Our group has five papers at the 2023 International Conference on Machine Learning (ICML). Congratulations to all co-authors.
- Simon Geisler, Yujia Li, Daniel Mankowitz, Ali Taylan Cemgil, Stephan Günnemann, Cosmin Paduraru
Transformers Meet Directed Graphs
While transformers have become vital for text, images, audio, video, and undirected graphs, the use of directed graphs has been surprisingly underexplored. In this work, we propose two structure- and direction-aware positional encodings for directed graphs based on graph spectral theory and random walks. The added directionality information proves useful for a variety of tasks, including source code understanding and correctness testing of sorting networks. With a 14.7% improvement over the prior state of the art on the Open Graph Benchmark Code2, our positional encodings for directed graphs are poised to become a crucial building block for a range of applications.
- Nicholas Gao, Stephan Günnemann
Generalizing Neural Wave Functions
Neural network-based wave function are shown great promise in modeling the behavior of molecules. While neural wave functions result in state-of-the-art accuracies, training is expensive and has to be redone for each molecular structure. In this work, we tackle the problem by proposing a method to adapt neural wave functions to arbitrary molecules. We achieve this by identifying two key desiderata a generalized wave function should fulfill. With these desiderata in mind, we construct a neural network solution satisfying both. In both computational chemistry and machine learning, we are the first to demonstrate that a single wave function can solve the Schrödinger equation of molecules with different atoms jointly.
- Marin Biloš, Kashif Rasul, Anderson Schneider, Yuriy Nevmyvaka, Stephan Günnemann
Modeling Temporal Data as Continuous Functions with Stochastic Process Diffusion
Time series data is obtained by measuring some real-world system. In many domains, we will find data that follows some underlying continuous process, for example, the temperature or the load of a system over time. Although the values are observed as separate events, we know the temperature always exists and its evolution over time is smooth, not jittery, What we want to do is model the generative process of such data and leverage this model for other crucial time series tasks such as forecasting. As it turns out, capturing the true generative process proves to be difficult, especially math the inherent stochasticity. This work proposes 1) treating time series as continuous functions, where specific points lie on the underlying function, and 2) extending the diffusion framework model to functions. We successfully apply this idea in probabilistic forecasting, imputation, and modeling stochastic processes.

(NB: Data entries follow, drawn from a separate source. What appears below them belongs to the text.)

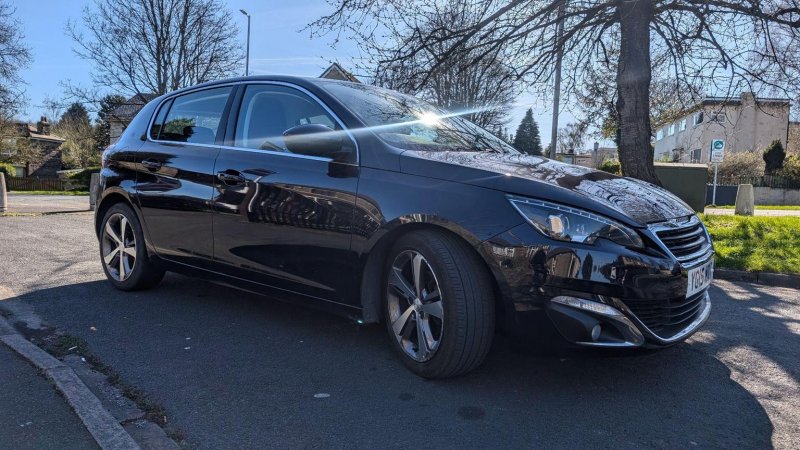 View PEUGEOT 308 1.2 PureTech Allure Euro 6 (s/s) 5dr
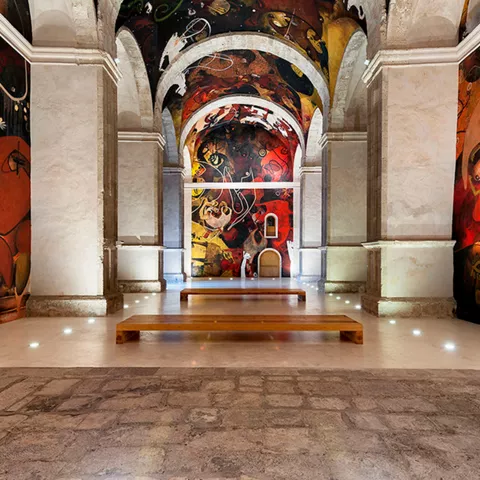 Imagen de  la iglesia por dentro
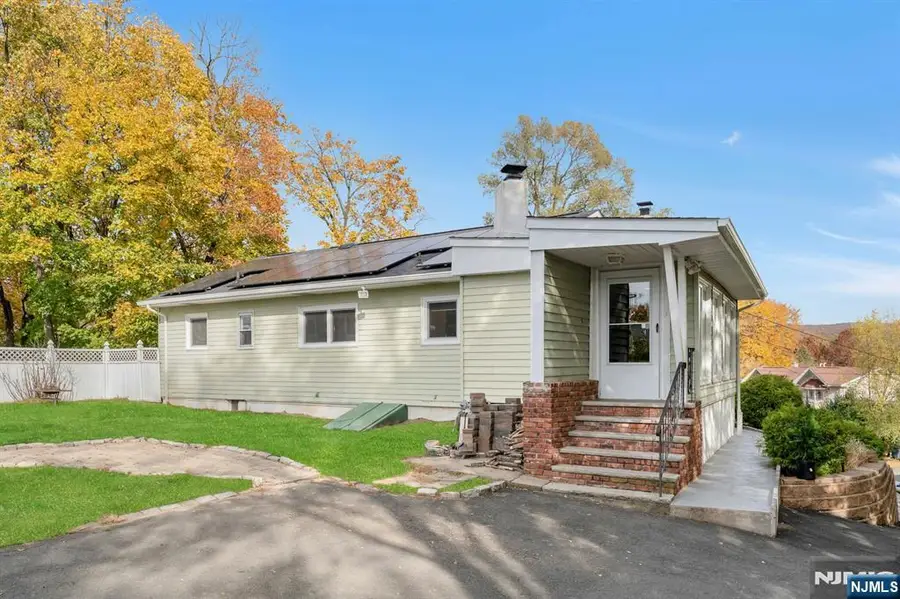 66 Leonard Terrace, Wayne, NJ 07470 - Image #2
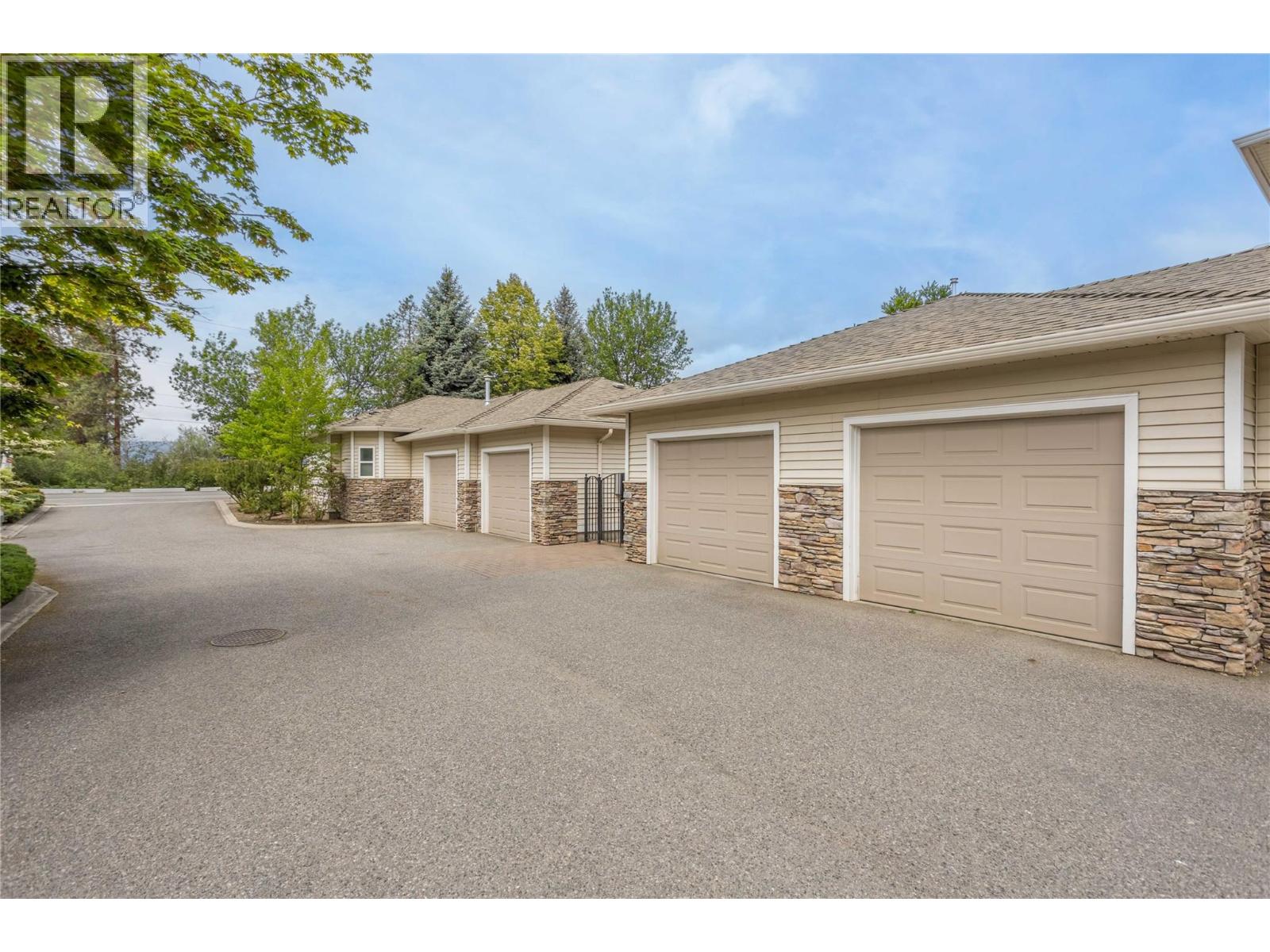 4049 Lakeshore Road Unit# 104, Kelowna, British Columbia  V1W 1V7 - Photo 31 - 10388772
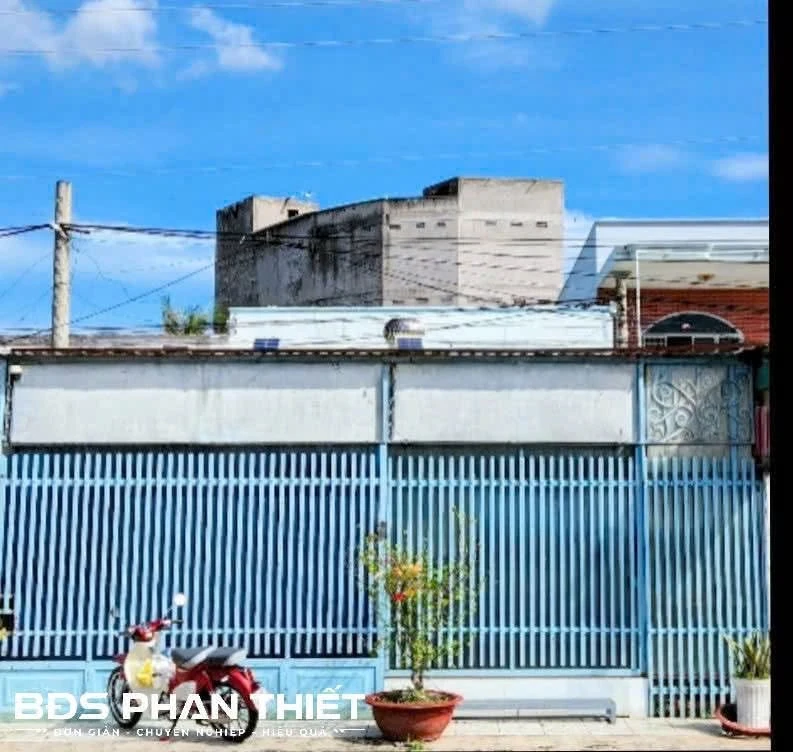 Bán nhà 2 mặt tiền Trường Chinh 150m² - 6,5 tỷ - Ảnh thu nhỏ 4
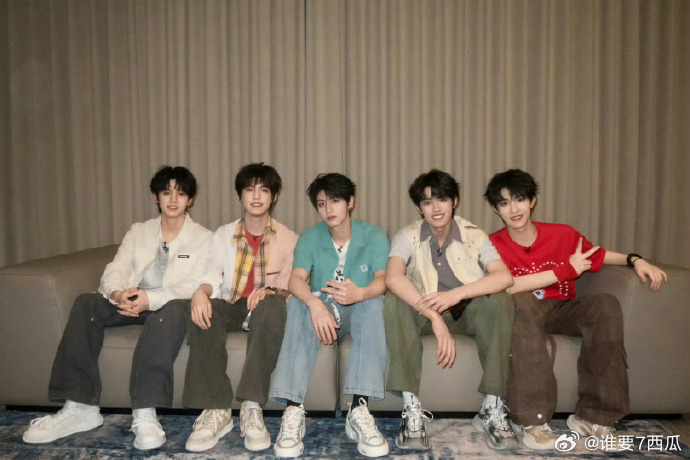 TOP登陆少年秋晚录制网传TOP登陆少年将参加今年的中秋晚会，山西长治的朋友们准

- Tom Wollschläger, Nicholas Gao, Bertrand Charpentier, Mohamed Amine Ketata, Stephan Günnemann
Uncertainty Estimation for Molecules: Desiderata and Methods
Graph Neural Networks promise advancements in computational chemistry, yet face challenges when applied to out-of-distribution (OOD) samples. Uncertainty estimation (UE) may aid in such situations by communicating the model’s certainty about its prediction. We identify six key criteria for UE in molecular force fields. A comprehensive review reveals that no existing UE methods meet all these criteria. To bridge this gap, we introduce the Localized Neural Kernel (LNK), a Gaussian Process-based extension to GNNs. The LNK not only satisfies all these criteria but also enhances the model's calibration. It outperforms other methods in out-of-equilibrium detection while preserving high predictive accuracy.
- Arthur Kosmala, Johannes Gasteiger, Nicholas Gao, Stephan Günnemann
Ewald-based Long-Range Message Passing for Molecular Graphs
Graph neural networks have succeeded at modeling complex molecular interactions. This has been made possible by the spatial message passing regime, where messages decay with distance and focus on local interactions. While this has been an useful inductive bias, it also impedes the learning of long-range interactions such as electrostatics. To address this drawback, we propose Ewald message passing: a nonlocal Fourier space scheme which decays in frequency rather than real space. We test the approach with four baseline models and two datasets containing diverse periodic (OC20) and aperiodic structures (OE62). We observe robust improvements in energy mean absolute errors across all models and datasets, averaging 10% on OC20 and 16% on OE62.